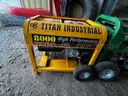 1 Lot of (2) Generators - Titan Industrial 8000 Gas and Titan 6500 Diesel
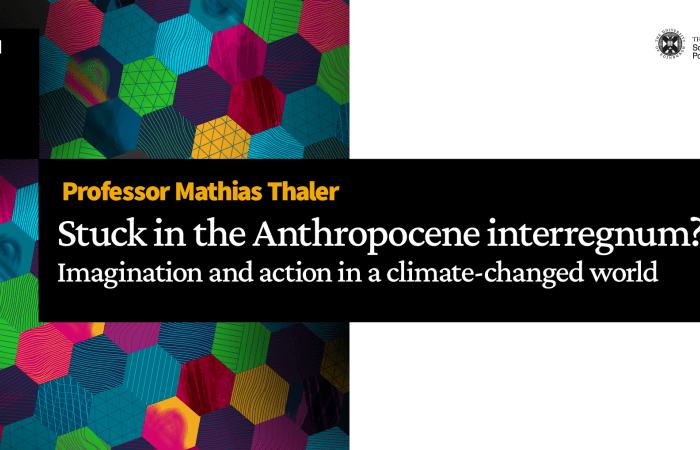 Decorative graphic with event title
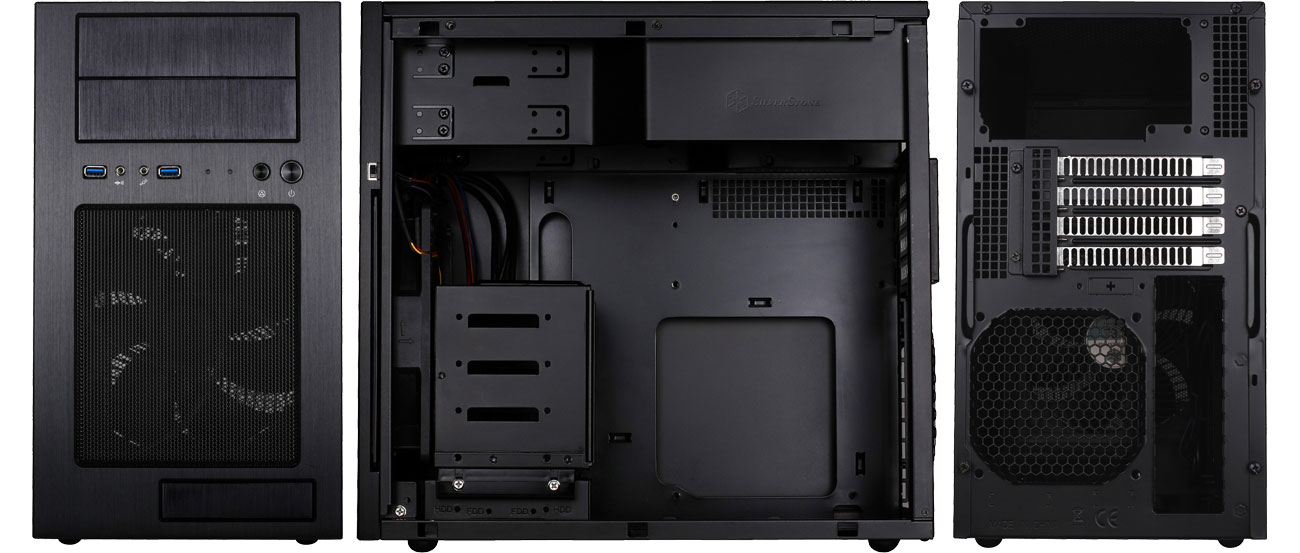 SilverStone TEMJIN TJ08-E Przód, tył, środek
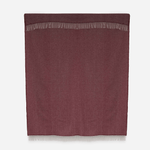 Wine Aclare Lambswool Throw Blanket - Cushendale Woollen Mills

··········

◆ **ASSIGNMENT**: Minus its pictures, the full listing should be copied verbatim.

◆ **REPLY**:
 1 Lot of (2) Generators - Titan Industrial 8000 Gas and Titan 6500 Diesel
 Decorative graphic with event title
 SilverStone TEMJIN TJ08-E Przód, tył, środek
 Wine Aclare Lambswool Throw Blanket - Cushendale Woollen Mills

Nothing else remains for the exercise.